Young people in the GOP will either force the party to abandon the worst of its socially conservative beliefs and address climate change or they will leave the party. Republicans will not change until they have lost an overwhelming percentage of state legislatures and the United States Senate.
It will be the same as it was pre-Trump and current-Trump. Trump didn’t change the Republican party. They have always been racist, sexist, ignorant, hypocritical, and as we have now seen, treasonous fools.
Trump just made them feel comfortable saying the quiet parts out loud.
They will be in so much fear of losing the Trump demographic that, at best, they will stay right where they are, but what is more likely is that they will panic and swing even more to the rad right.
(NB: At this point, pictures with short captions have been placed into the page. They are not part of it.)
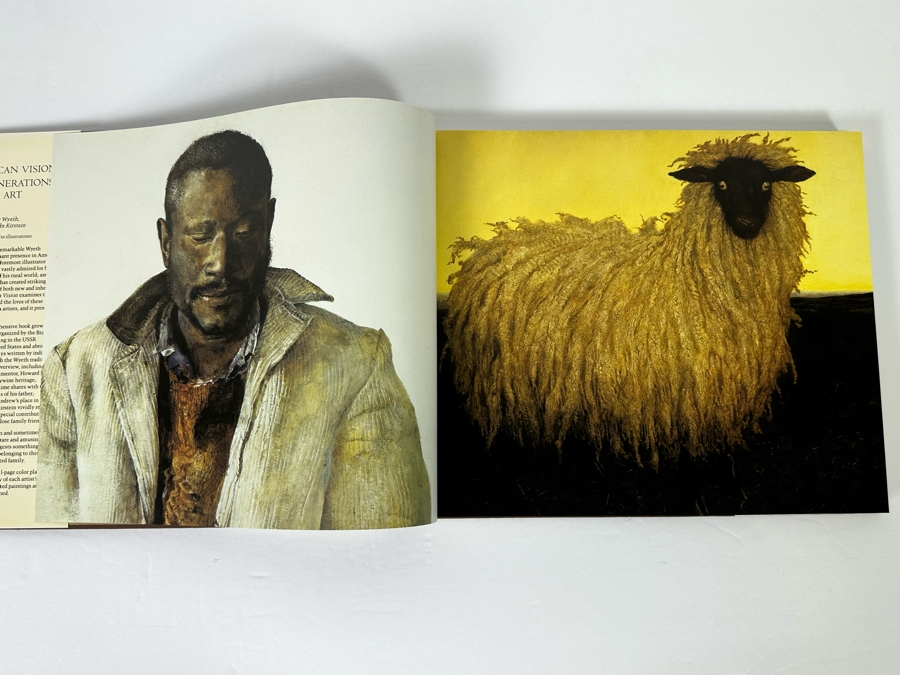 First Edition Hardcover Book An American Vision Three Generations Of Wyeth Art 1987 [Photo 4]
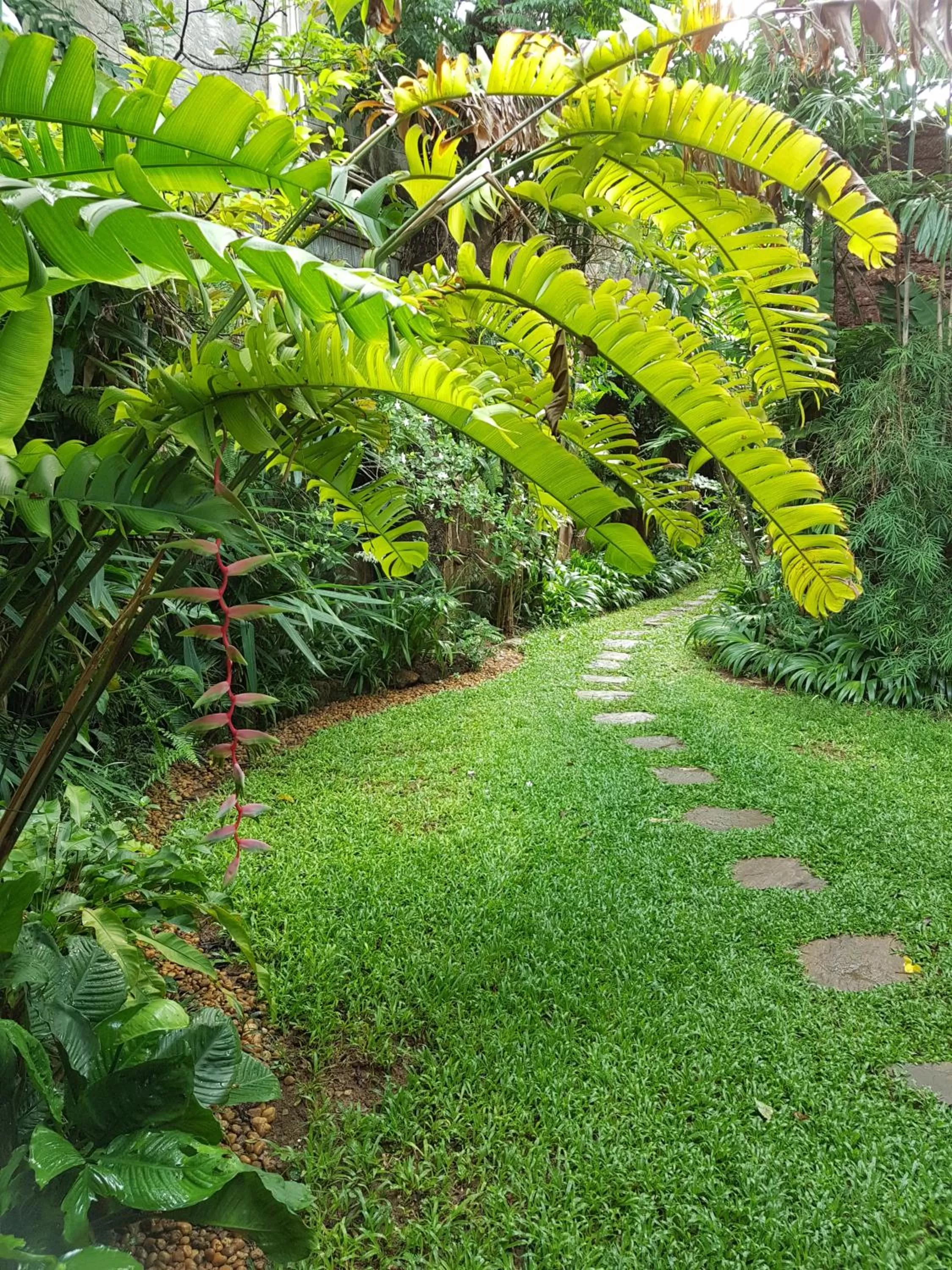Garden in Highbury Colombo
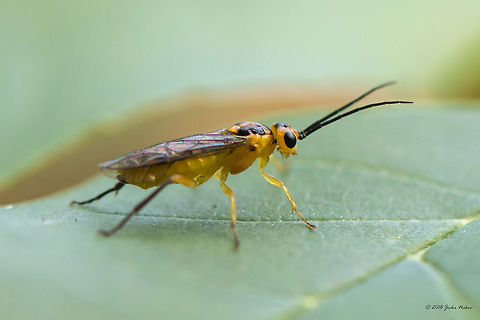 Locust sawfly - Nematus tibialis  Animal,Animalia,Arthropoda,Bulgaria,Europe,Geotagged,Hymenoptera,Insect,Insecta,Locust sawfly,Nature,Nematus tibialis,Sofia,South park,Summer,Tenthredinidae,Wildlife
BTW, if they actually go the other way I will be damn happy to be proven wrong.
Nixon’s line: “Well, when the president does it, that means that it is not illegal.”
Replace “president” with “Republican” and there’s the bulk of your modern GOP. I think if Trump ate a live human baby on national TV, he’d not only get away with it, but his supporters would say the Democrats forced him to do it.
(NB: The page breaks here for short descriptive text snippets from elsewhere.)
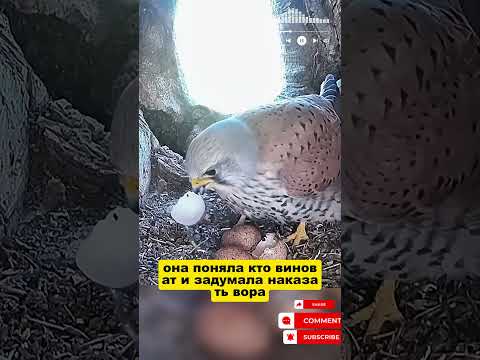 Месть матери сокола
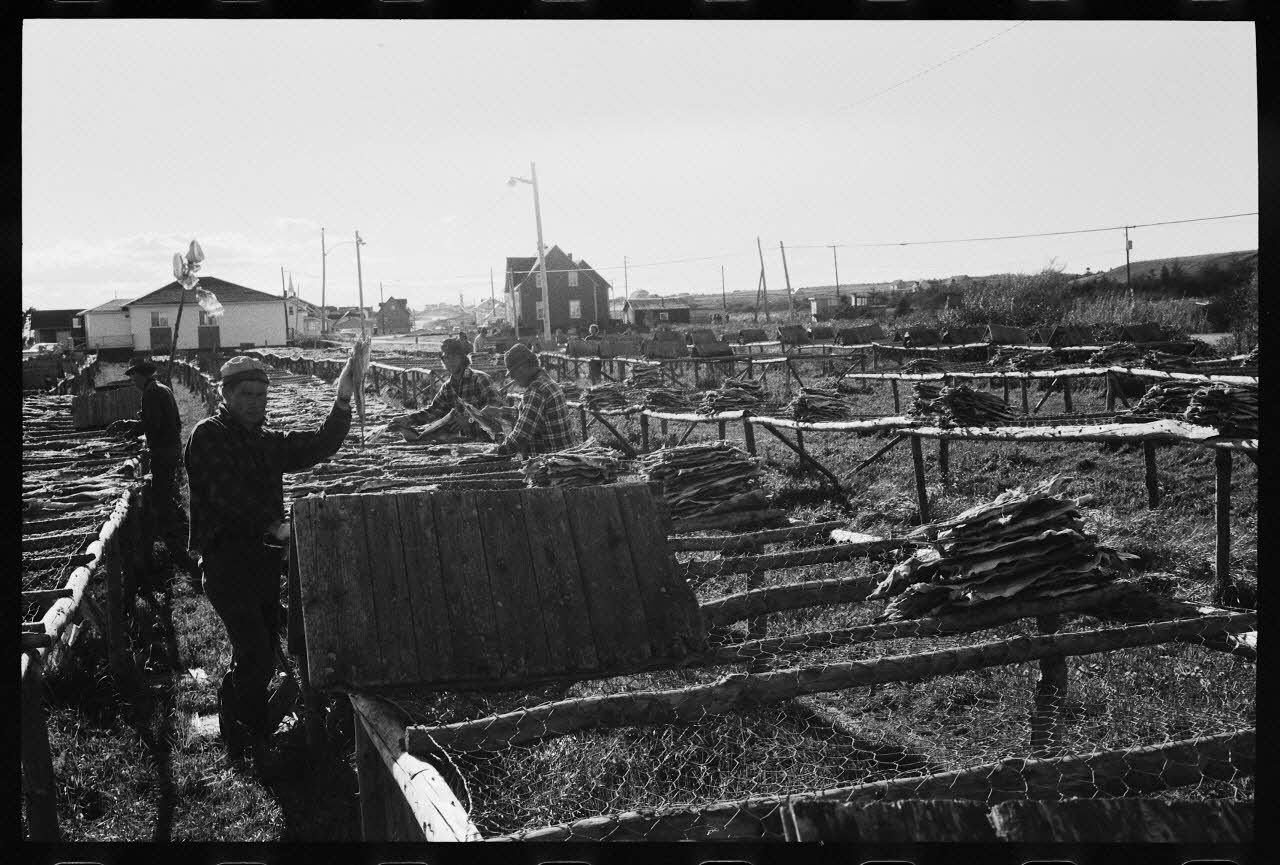 Jean Cuisenier photographie Enquête conduite par Jean Cuisenier au Québec (septembre 1976) Province du Québec, Canada 1976/9/1 Ph.1977.8.36 Photo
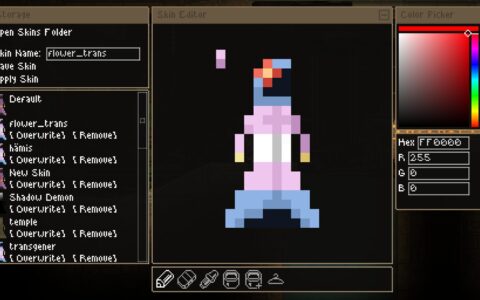 Skin Editor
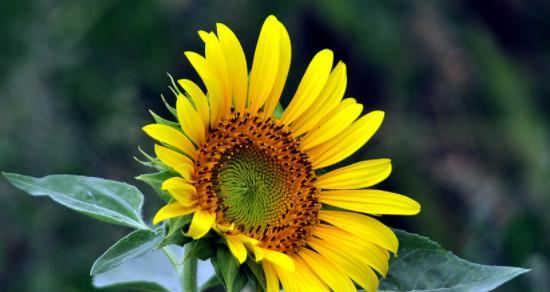 阳光花语之秘——以向日葵为主题的花语（探寻向日葵所传递的阳光力量）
Hyperbole aside, if any elected official actually ate a live human baby on national television they would lose their jobs and go to jail or be executed. That’s going way over the line. Have some faith in your fellow human beings.
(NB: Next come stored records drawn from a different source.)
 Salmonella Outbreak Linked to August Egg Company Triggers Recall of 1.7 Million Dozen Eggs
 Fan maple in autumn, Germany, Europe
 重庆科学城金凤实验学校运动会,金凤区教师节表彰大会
Also the FCC would shut down the broadcast within seconds.
~Max
Sorry, I thought the hyperbole was obvious. The main thrust of the sentiment though was sincere. Willfully ignoring the faults, deception, and fundamental dishonesty of a candidate/politician because of the R (or D) label is part and parcel of the hyperpartisan political sphere these days for a very large number of people.
This is prime “owning the libs” stuff, here. Ah, well.
Back to the OP:
Agreed. I was rather pleased to hear Fox News on the radio, right after the Mueller report was released: “President Trump did not do the right thing.” I believe it was Bret Baier who said that. It reminded me of the Nixon interview.
~Max
This particular high horse looks silly when there’s currently an active thread in Elections titled “Blue states propose measures to keep Trump off of 2020 ballots (unless he releases tax returns)”
There’s absolutely nothing wrong with codifying this kind of requirement. Demonstrating that you’re not, say, directly profiting from your actions in office. And of course, it doesn’t just affect Trump, it affects any presidential candidate who insists that their tax status is beyond scrutiny, unlike any of the last 50 years of presidents and presidential candidates. It’s such basic shit that it actually kind of boggles the mind that it’s controversial.
As Little Nemo put it in the thread in question:
(Bolding mine.)
Maybe you should be asking yourself why you feel the need to paint basic anti-corruption measures as “cheating”. Like, if I was stuck in that kind of bizarro mental position, I’d have to wonder - where did things go wrong in my reasoning? Why am I defending this? (Maybe it has something to do with this: your best response to why they were obviously bad was to compare a basic anti-corruption step taken by every major candidate in every election since the 1970s to partisan policy proposals.)